This is the mail archive of the
libc-alpha@sourceware.org
mailing list for the glibc project.
Re: memcmp-sse4.S EqualHappy bug
- From: Torvald Riegel <triegel at redhat dot com>
- To: Simo Sorce <ssorce at redhat dot com>
- Cc: Andrea Arcangeli <aarcange at redhat dot com>, "Carlos O'Donell" <carlos at redhat dot com>, "Dr. David Alan Gilbert" <dgilbert at redhat dot com>, Szabolcs Nagy <nsz at port70 dot net>, libc-alpha at sourceware dot org, "H.J. Lu" <hongjiu dot lu at intel dot com>
- Date: Fri, 19 Jun 2015 19:36:22 +0200
- Subject: Re: memcmp-sse4.S EqualHappy bug
- Authentication-results: sourceware.org; auth=none
- References: <1434621040 dot 5250 dot 212 dot camel at localhost dot localdomain> <20150618124900 dot GD14955 at redhat dot com> <1434637415 dot 5250 dot 271 dot camel at localhost dot localdomain> <20150618145202 dot GG14955 at redhat dot com> <1434642635 dot 5250 dot 292 dot camel at localhost dot localdomain> <20150618161943 dot GN14955 at redhat dot com> <20150618172231 dot GS14955 at redhat dot com> <1434649785 dot 30819 dot 37 dot camel at localhost dot localdomain> <20150618181219 dot GL2248 at work-vm> <55841B6B dot 10104 at redhat dot com> <20150619140710 dot GA14955 at redhat dot com> <1434724946 dot 2716 dot 88 dot camel at willson dot usersys dot redhat dot com> <1434727945 dot 3061 dot 51 dot camel at localhost dot localdomain> <1434733721 dot 2716 dot 96 dot camel at willson dot usersys dot redhat dot com>
On Fri, 2015-06-19 at 13:08 -0400, Simo Sorce wrote:
> It is true you identify 2 different issues, but I am not interested in
> either, I merely care about failing safe.
>
> On Fri, 2015-06-19 at 17:32 +0200, Torvald Riegel wrote:
> > I see two separate issues here. First, where do we draw the line, and
> > what do we guarantee. I strongly believe that programs must not have
> > data races, and that they should use atomics or other synchronization
> > properly (this doesn't mean locks, but relaxed memory order atomics,
> > for example).
>
> Programs should not have data races, true, but sometimes they do,
> failing safe makes 'bad' programs not be worse.
>
> > Second, do we try to keep buggy programs working. If it has no cost
> > to do so (e.g., like it might be true in this case), then doing that
> > can help to trigger less errors. But that doesn't mean the buggy
> > programs should get fixed eventually.
>
> Sure, but sometimes it is hard to define something as a bug.
>
> In the specific case Andrea reported (which I pondered on), the race was
> clearly there, but also clearly the underlying memory was never
> identical at any given point, yet memcmp reported 0 which means: the
> whole memory area was checked and matched. This was clearly not the
> case, memcmp didn't even check the whole memory area, and returned 0.

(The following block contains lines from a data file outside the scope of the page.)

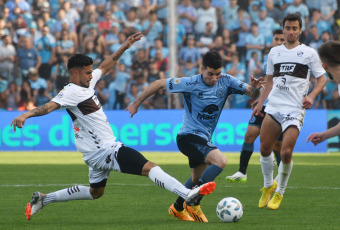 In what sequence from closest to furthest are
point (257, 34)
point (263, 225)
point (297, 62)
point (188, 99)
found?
point (263, 225) → point (188, 99) → point (297, 62) → point (257, 34)

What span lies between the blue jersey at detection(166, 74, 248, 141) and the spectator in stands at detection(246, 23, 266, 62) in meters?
11.2

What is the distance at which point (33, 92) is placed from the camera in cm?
1933

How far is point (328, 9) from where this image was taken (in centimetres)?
1842

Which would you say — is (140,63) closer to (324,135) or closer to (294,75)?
(294,75)

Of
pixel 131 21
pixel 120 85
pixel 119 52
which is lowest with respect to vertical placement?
pixel 120 85

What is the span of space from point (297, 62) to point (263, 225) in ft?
7.57

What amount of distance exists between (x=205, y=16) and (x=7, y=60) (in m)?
5.82

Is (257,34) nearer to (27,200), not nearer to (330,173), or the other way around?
(330,173)

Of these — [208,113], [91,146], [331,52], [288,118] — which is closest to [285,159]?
[288,118]

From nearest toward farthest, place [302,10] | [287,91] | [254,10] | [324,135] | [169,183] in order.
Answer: [324,135] → [169,183] → [287,91] → [302,10] → [254,10]

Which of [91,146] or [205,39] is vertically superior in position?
[91,146]

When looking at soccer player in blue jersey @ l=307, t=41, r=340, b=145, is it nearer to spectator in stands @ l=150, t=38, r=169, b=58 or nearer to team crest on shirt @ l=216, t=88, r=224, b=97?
team crest on shirt @ l=216, t=88, r=224, b=97

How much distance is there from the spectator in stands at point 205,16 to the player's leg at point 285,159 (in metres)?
11.6

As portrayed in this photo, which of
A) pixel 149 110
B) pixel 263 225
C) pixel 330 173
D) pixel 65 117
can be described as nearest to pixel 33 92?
pixel 65 117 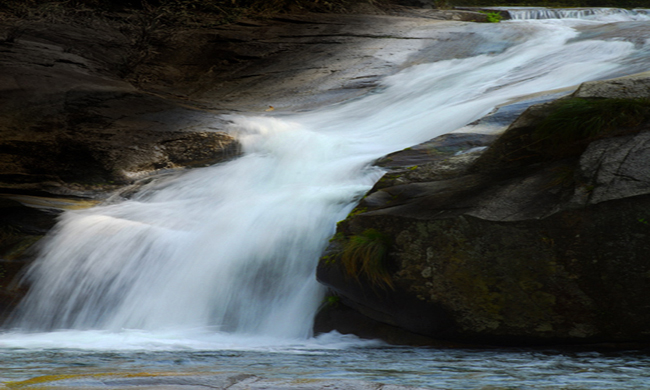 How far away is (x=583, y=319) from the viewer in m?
3.57

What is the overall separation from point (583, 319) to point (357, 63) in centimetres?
768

This is allowed if something is undefined behavior. A return value of 0
only has the specified meaning if there's no undefined behavior
elsewhere.
> Now, if the 2 memory areas ever where (even for a nanosecond) identical,
> then returning zero would have been perfectly acceptable.

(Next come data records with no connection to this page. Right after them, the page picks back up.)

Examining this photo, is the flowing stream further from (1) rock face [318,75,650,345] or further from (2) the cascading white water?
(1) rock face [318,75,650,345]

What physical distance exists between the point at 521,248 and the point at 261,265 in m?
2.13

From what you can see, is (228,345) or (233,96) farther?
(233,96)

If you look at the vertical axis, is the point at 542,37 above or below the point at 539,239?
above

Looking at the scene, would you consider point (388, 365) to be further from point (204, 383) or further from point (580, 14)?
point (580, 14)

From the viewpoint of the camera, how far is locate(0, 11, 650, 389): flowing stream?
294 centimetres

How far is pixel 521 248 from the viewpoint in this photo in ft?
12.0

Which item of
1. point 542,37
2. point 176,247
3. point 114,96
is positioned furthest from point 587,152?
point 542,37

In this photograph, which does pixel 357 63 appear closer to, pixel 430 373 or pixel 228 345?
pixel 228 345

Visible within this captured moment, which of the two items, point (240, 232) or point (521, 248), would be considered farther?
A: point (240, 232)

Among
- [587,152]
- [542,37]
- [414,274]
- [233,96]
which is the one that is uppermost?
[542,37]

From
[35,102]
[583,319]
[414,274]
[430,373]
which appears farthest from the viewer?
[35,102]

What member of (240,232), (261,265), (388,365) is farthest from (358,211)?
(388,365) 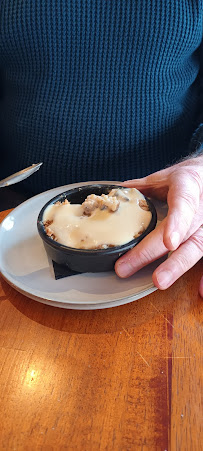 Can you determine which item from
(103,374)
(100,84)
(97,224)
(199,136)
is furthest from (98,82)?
(103,374)

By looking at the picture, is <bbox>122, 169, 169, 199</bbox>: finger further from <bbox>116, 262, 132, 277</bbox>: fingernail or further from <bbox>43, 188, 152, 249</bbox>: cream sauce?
<bbox>116, 262, 132, 277</bbox>: fingernail

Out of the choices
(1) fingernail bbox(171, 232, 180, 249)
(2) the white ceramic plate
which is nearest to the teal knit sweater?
(2) the white ceramic plate

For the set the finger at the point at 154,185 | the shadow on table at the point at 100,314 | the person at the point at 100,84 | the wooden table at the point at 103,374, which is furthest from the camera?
the person at the point at 100,84

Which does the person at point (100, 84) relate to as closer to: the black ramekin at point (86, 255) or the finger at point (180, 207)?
the finger at point (180, 207)

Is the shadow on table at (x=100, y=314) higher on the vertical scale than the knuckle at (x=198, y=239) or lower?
lower

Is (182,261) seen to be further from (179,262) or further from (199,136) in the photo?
(199,136)

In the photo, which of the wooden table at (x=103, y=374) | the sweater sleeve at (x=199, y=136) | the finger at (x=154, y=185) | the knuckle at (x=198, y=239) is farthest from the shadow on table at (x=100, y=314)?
the sweater sleeve at (x=199, y=136) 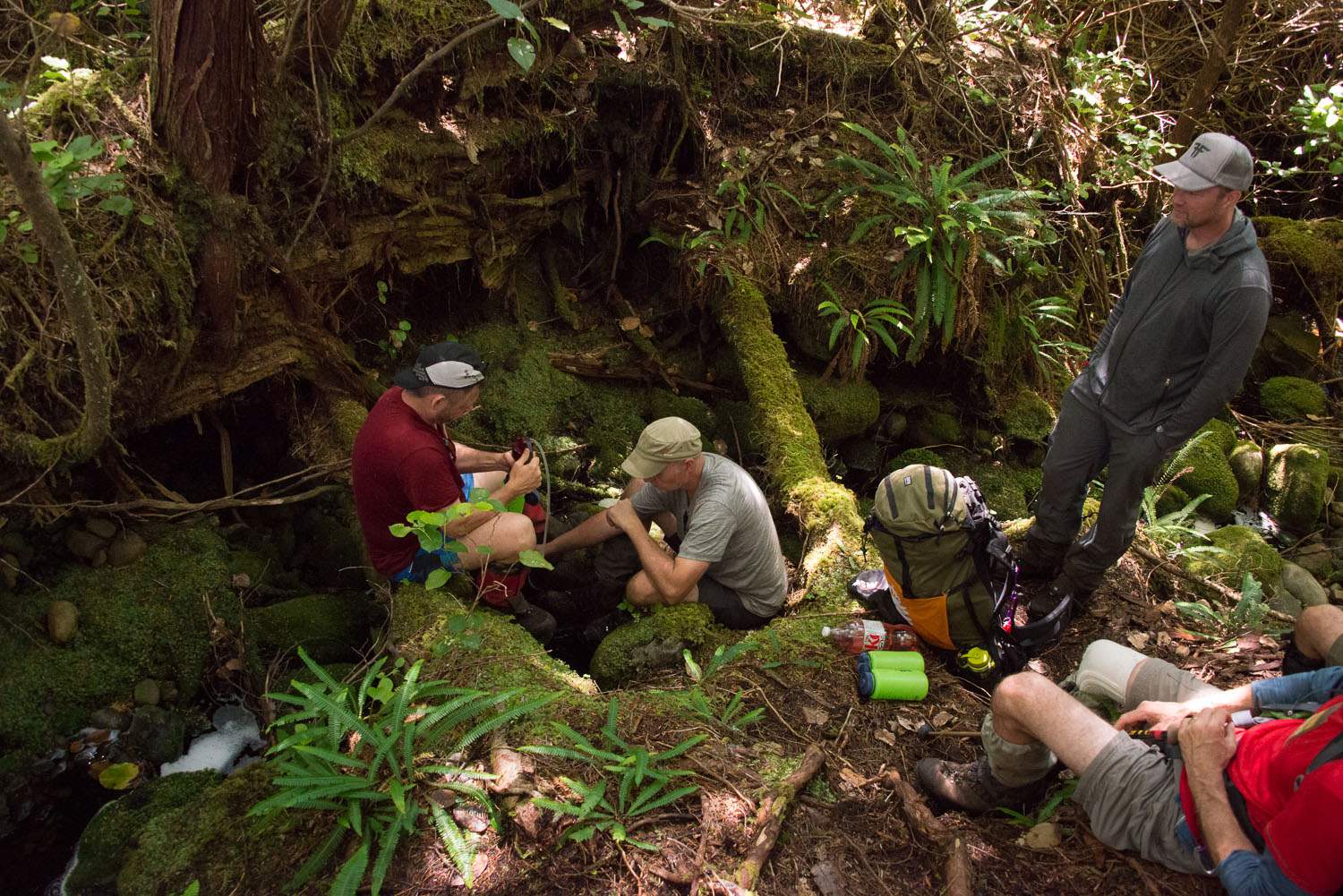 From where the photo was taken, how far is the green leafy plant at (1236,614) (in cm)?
426

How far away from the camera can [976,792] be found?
3090mm

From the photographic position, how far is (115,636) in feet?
13.1

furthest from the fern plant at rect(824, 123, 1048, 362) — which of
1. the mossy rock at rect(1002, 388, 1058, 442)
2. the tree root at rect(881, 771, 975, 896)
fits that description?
the tree root at rect(881, 771, 975, 896)

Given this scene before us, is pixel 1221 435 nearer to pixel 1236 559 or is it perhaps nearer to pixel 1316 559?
pixel 1316 559

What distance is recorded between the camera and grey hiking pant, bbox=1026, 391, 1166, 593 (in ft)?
13.4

How do you know that when there are data races? Making this assumption
requires making assumptions about how the modification happened. For
example, if the modifications used sequential code too, this could
potentially write temporary values.
Second, you say "even for a nanosecond", and that seems to say to you're
thinking about some kind of total order of events. This isn't
necessarily the case though; even if you'd use relaxed memory-order
atomic stores and loads to access the array, what a the memcpy using the
atomics would see would not necessarily be ordered as if the stores
would happen one at a time, or in some way that can be totally ordered.
> During a race
> you can't know what the result is.
The standard "specifies" undefined behavior, which allows for much more
than not knowing what the result is. It could we conforming to burn
your computer, for example ;)
> But a function that supposedly checks
> a data area for equality and instead stops short and return "equal" seem
> just wrong, and it is certainly unexpected.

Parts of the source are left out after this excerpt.